WORK REQUIRED: In the records below, find the line containing "Malkiya Club Vs AL Budaiya screenshot" and the line containing "Bsus/Ab ukulele chord"; please repeat exactly the lines from one to the other, both included, and nothing more.

EXERCISE INPUT:
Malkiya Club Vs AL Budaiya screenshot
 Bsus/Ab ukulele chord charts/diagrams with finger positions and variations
* * *
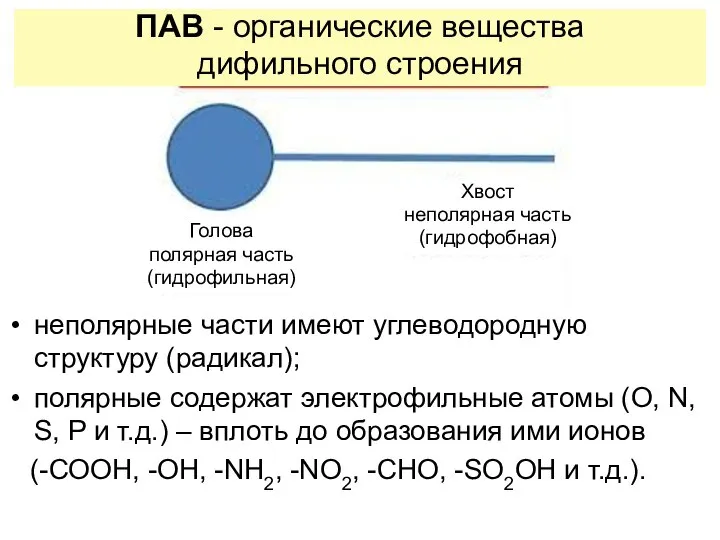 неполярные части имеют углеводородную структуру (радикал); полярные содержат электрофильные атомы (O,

TASK OUTPUT:
Malkiya Club Vs AL Budaiya screenshot
 Bsus/Ab ukulele chord charts/diagrams with finger positions and variations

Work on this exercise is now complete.